Hollywood Foreign Press Association accused of operating like "a cartel"
A Golden Globe Photo: ROBYN BECK/AFP

The Hollywood Foreign Press Association is one of the most mysterious organizations in the entertainment industry, if only because nobody seems to know what the organization even does (if anything) beyond handing out the Golden Globe awards every year, but a new lawsuit filed by a Norwegian journalist named Kjersti Flaa (via The Hollywood Reporter) is trying to shed a rather unflattering light on the “culture of corruption” fostered by the HFPA. Unlike the Academy Of Motion Picture Arts And Sciences (which grows every year), the HFPA consists of only 87 members—many of whom are at least in their 70s—and the lawsuit accuses the organization of establishing rules that are specifically designed to ensure that those 87 people (and only them) continue to get special treatment from movie and TV studios in the form of invitations to exclusive events and opportunities to interview big stars.

Furthermore, the suit says that members are barred from competing against other members, so global markets are divided up among the members and no one is allowed to write for an outlet that another member writes for or an outlet that competes with an outlet that someone else writes for. So let’s say, hypothetically, that you’re an entertainment reporter from Country A. The HFPA already has a member who covers the movie industry for The Country A News, so you can’t join the HFPA if you also write for Country A News or if you write for its competing outlet, The Country A Tribune.

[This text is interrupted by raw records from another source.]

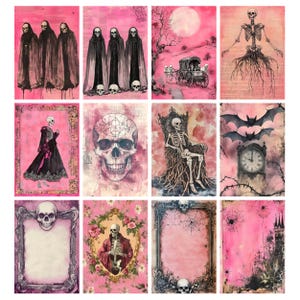 Rosa Halloweenkonst, Nyckfull Efemera, Skräpjournal, Gotiska Halloweensidor, Utskrivbar Häxkonst Clipart, Skuggornas Bok, Spöklik Säsong bild 5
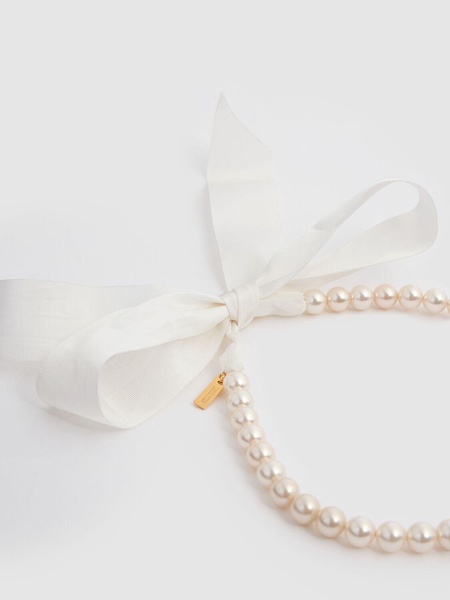 Faux pearl & bow collar necklace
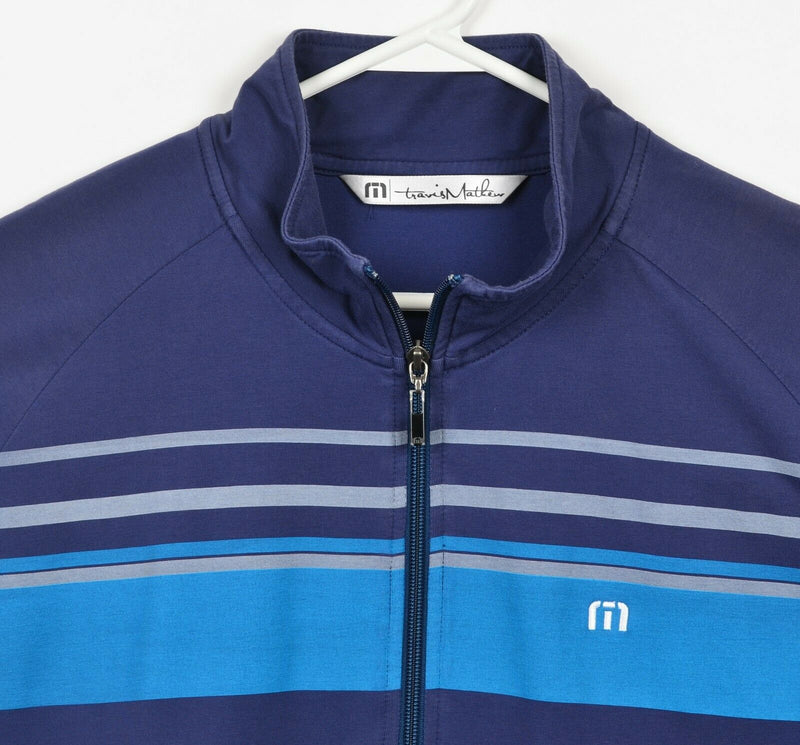 Travis Mathew Men's Large 1/4 Zip Blue Striped Lightweight Golf Jacket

According to the suit, this has given the HFPA the ability to reject potential members—who would like to be given the access and benefits that HFPA members enjoy—based solely on whether or not they could conceivably impact another member’s ability to write about going to fancy events, to interview celebrities, or to (hypothetically) get payola from filmmakers and movie studios who want to bolster their project’s Oscar chances. After all, a Golden Globe win is a big deal, and if you’re the person who gets to choose who wins a Golden Globe, that makes you a big deal.

Variety puts a pretty fine point on this in it’s write-up, referring to what Flaa is describing as “a cartel” based on the way the HFPA is supposedly stifling competition illegally. The allegations in the suit also go further, saying that there’s no clear system in place for rejecting or approving members and that there’s no emphasis whatsoever given to an applicant’s body of work. Instead, their potential membership is supposedly based entirely on whether or not they could be a threat to another member.

On top of all that, the suit points out that the HFPA is listed as a 501(c)(6) non-profit, meaning it’s tax-exempt, despite the fact that—as the suit alleges—it only exists to benefit its current members and not the entire community of foreign entertainment reporters who live in California. Apparently, the HFPA covers all travel expenses for its members, pressures movie studios to provide its members with five-star hotel stays and gourmet meals during events, and pays members to do “little or nothing” in the service of the HFPA. For example, the suit says that the person who arranges the seating chart for the Golden Globes makes $20,000 a year, that there are two members in their 90s who get $12,000 just for sitting on a committee, and that there are former HFPA presidents who get $1,000 a month for doing nothing. No wonder the members supposedly try to hold on to their status as hard as they possibly can.